● **YOUR ASSIGNMENT**
Leaving out pictures, output exactly the lines below from the one that has "Dinant, Belgique. Sax" through the one that has "2007 Toyota Camry", and nothing else.

● **TASK INPUTS**
+---+
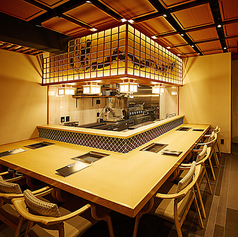 カウンター席は、ライブ感溢れる「カウンター焼肉」を楽しめる特等席。スタッフとの距離も近く、デートや女子同士でのお食事に大変人気です。お一人様でも利用しやすい雰囲気なので、仕事帰りのサク飲みや自分へのご褒美にもおすすめ。目の前でお肉が焼き上がる香りと音を楽しみながら、贅沢なひとときを。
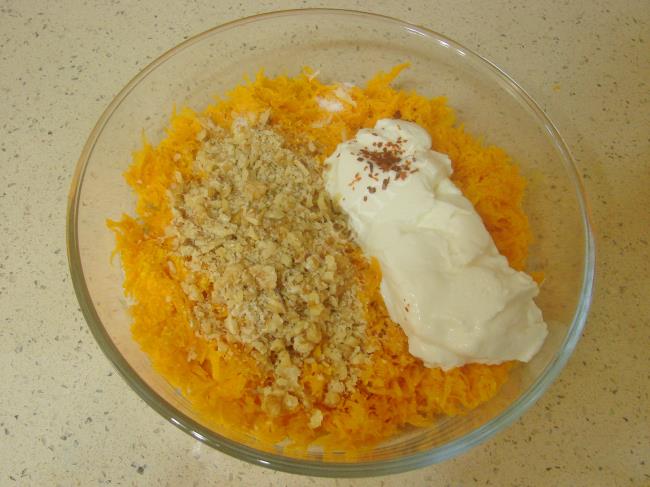 Yoğurtlu Havuç Mezesi - Yapılışı (3/8) 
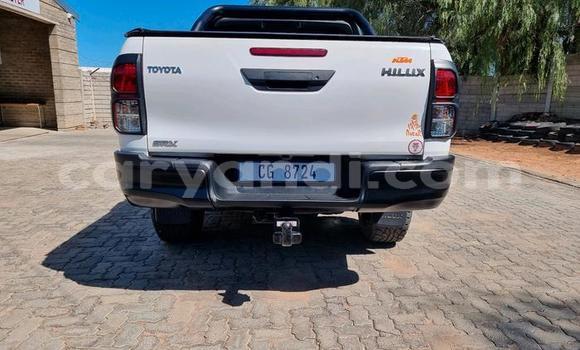 Tenga Tsaru Toyota Hilux Chena Mota in Lusaka in Zambia Tenga Tsaru Toyota Hilux Chena Mota in Lusaka in Zambia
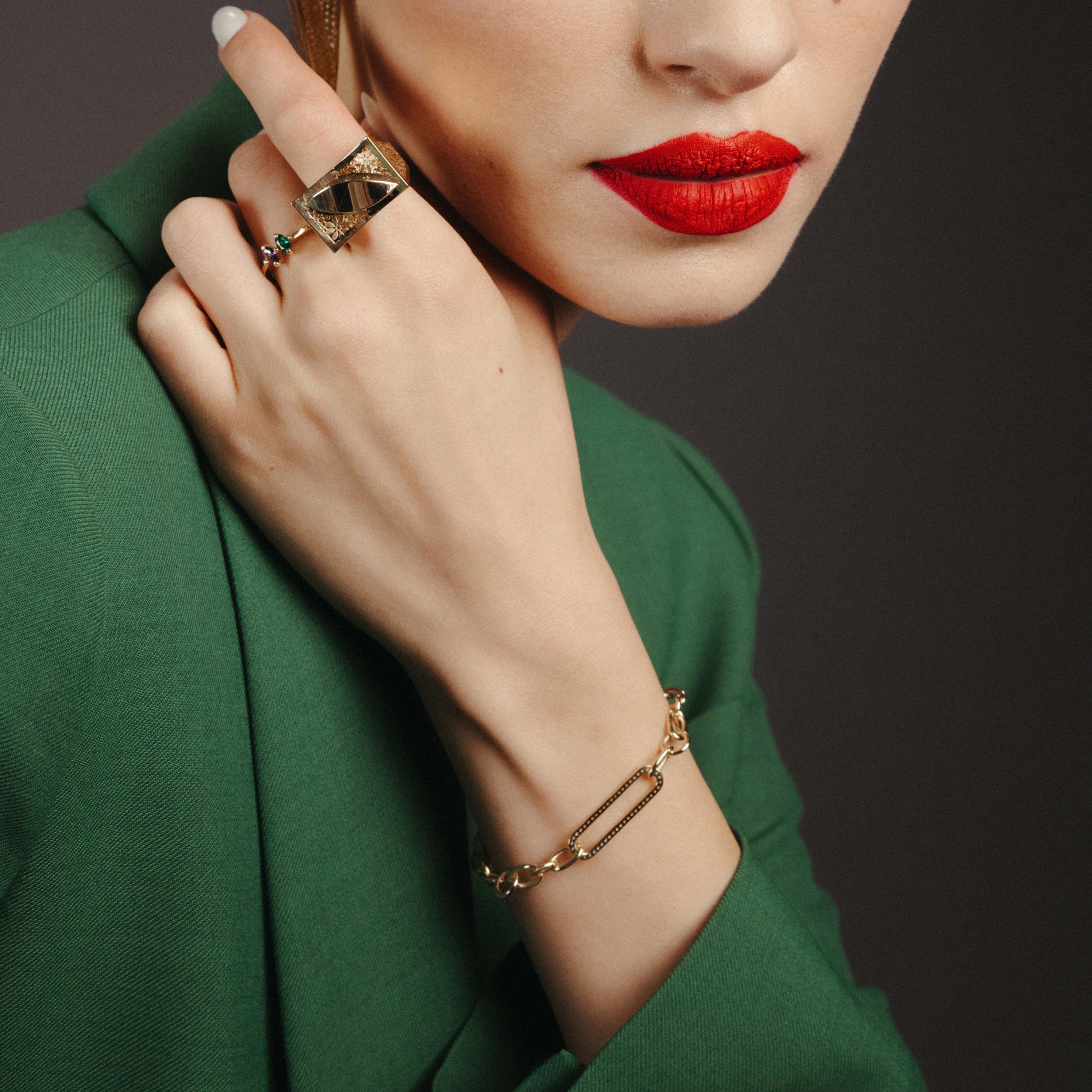 Moderne Bracelet long Hallow en or massif 14 carats, fait à la main en vente
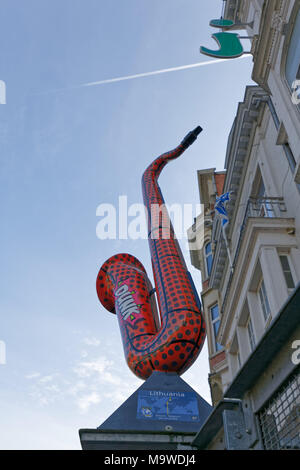 Dinant, Belgique. Sax sculpture sur le fleuve. Banque D'Images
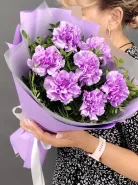 Стильный букет из лавандовых гвоздик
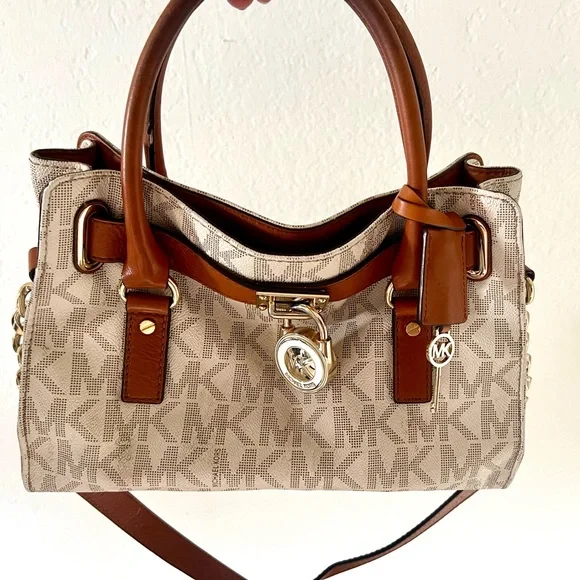 Michael Kors | Lock and Key Good Condition Purse - Picture 8 of 15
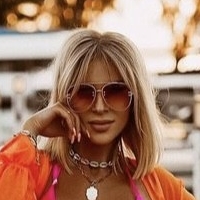 Karolina Desnuda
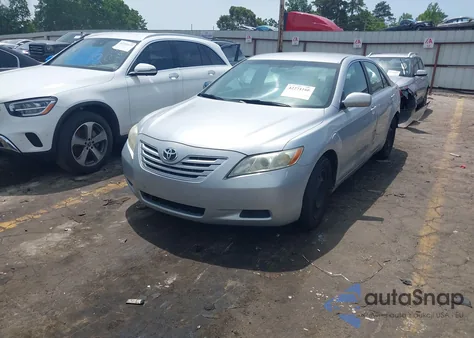 2007 Toyota Camry Le z USA, uszkodzony, nr VIN 4T1BE46K27U607705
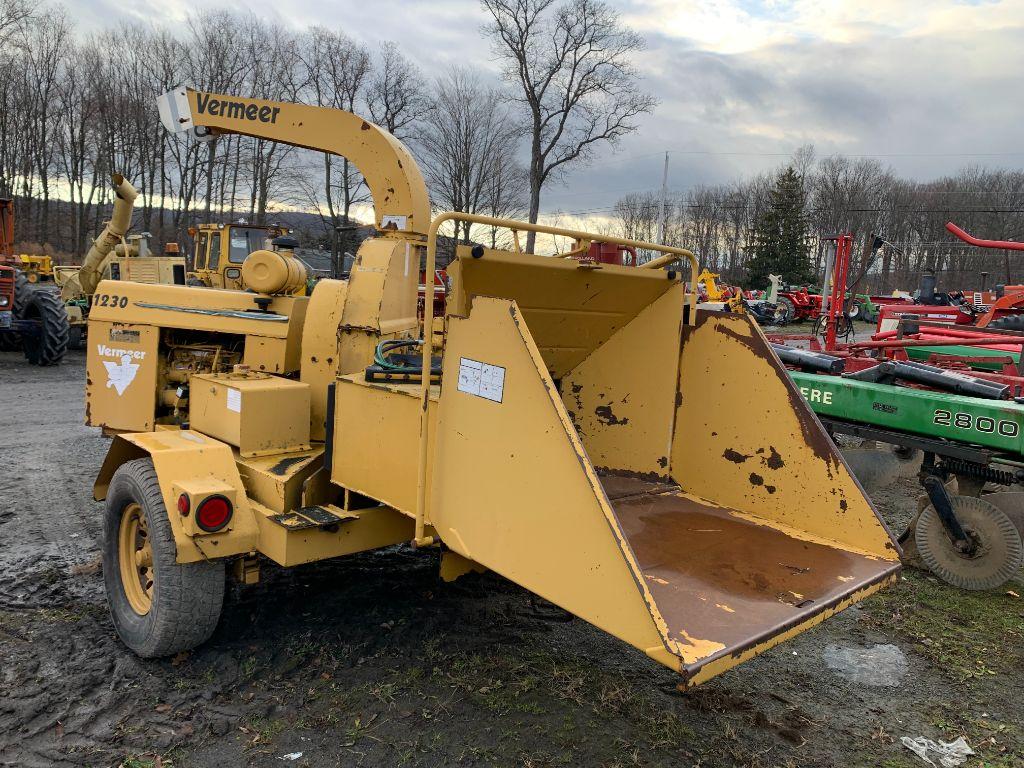 6881 Vermeer 1230 Chipper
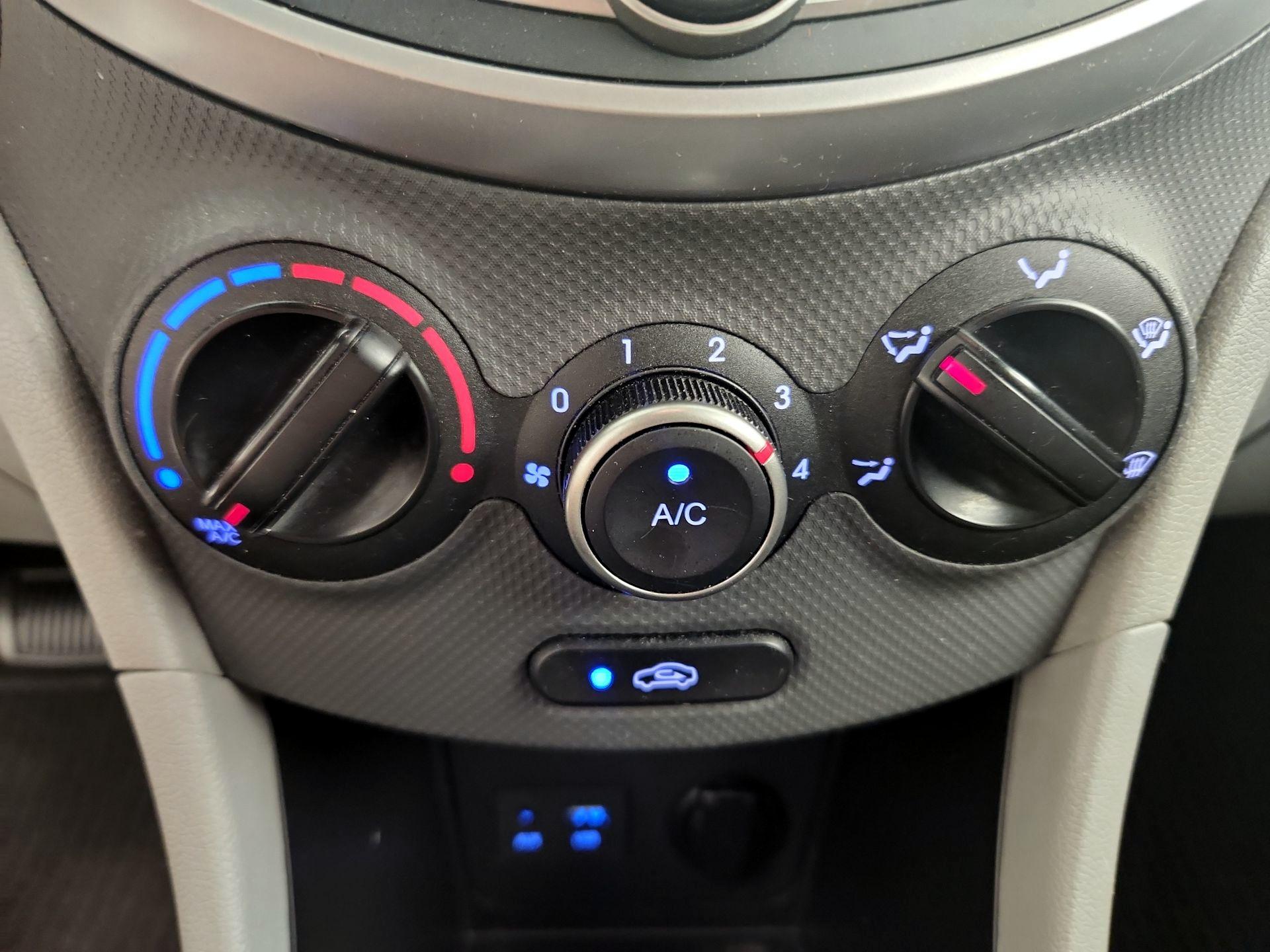 Thumbnail: 2017 Hyundai Accent - 15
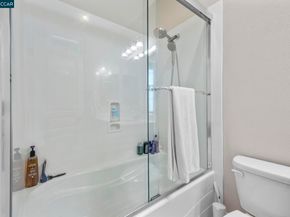 702 Jetty Dr, Richmond CA 94804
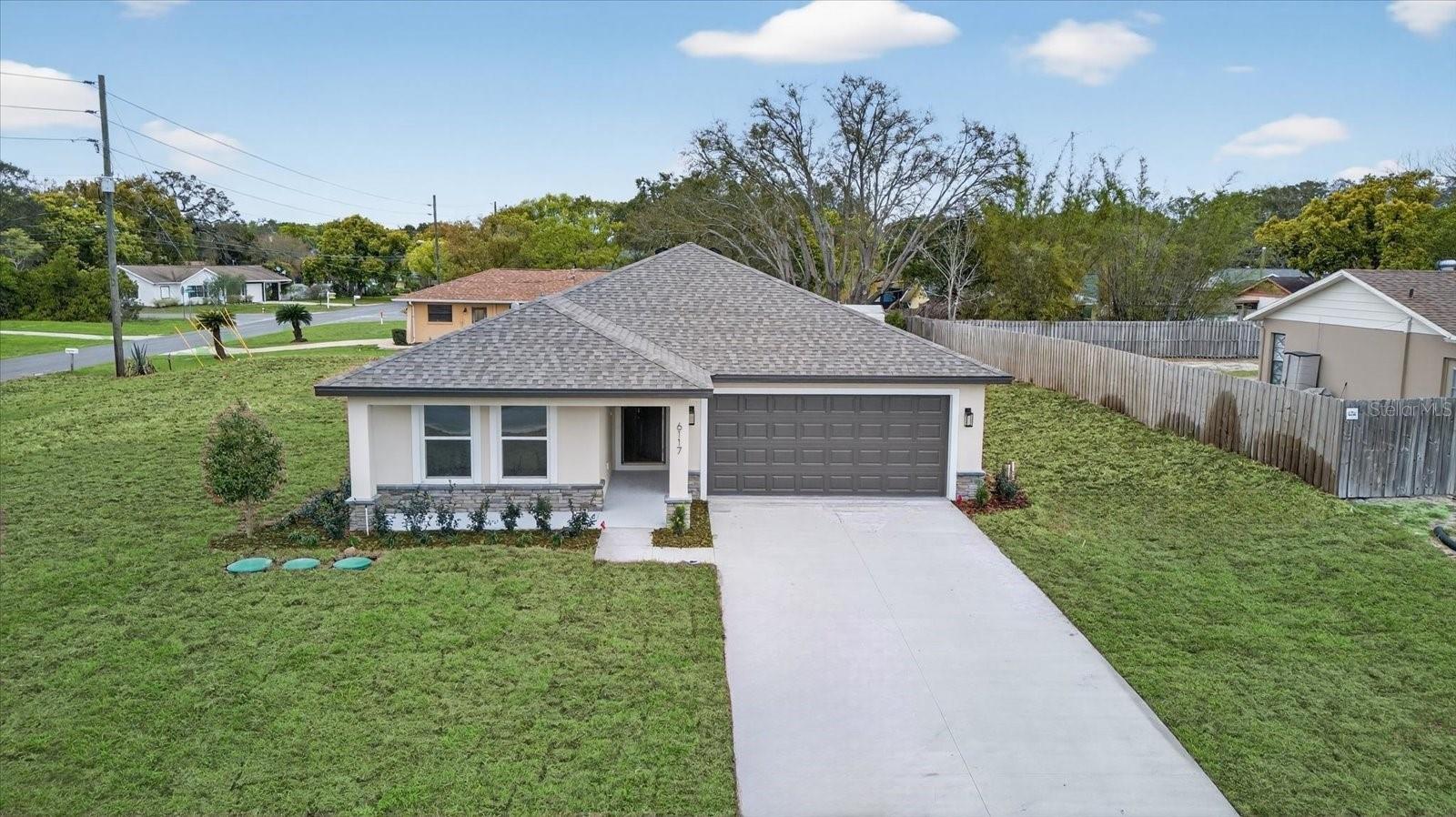 SPRING HILL - Residential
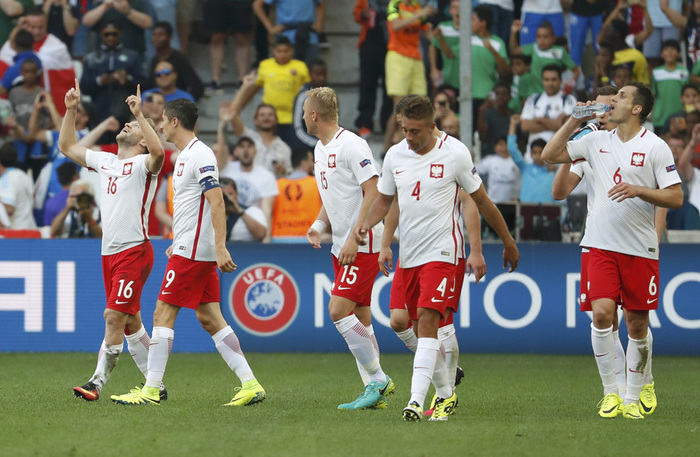 开云下载-波兰队主场力克乌克兰队，取得三分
+---+
● **ANSWER**
 Dinant, Belgique. Sax sculpture sur le fleuve. Banque D'Images
 Стильный букет из лавандовых гвоздик
 Michael Kors | Lock and Key Good Condition Purse - Picture 8 of 15
 Karolina Desnuda
 2007 Toyota Camry Le z USA, uszkodzony, nr VIN 4T1BE46K27U607705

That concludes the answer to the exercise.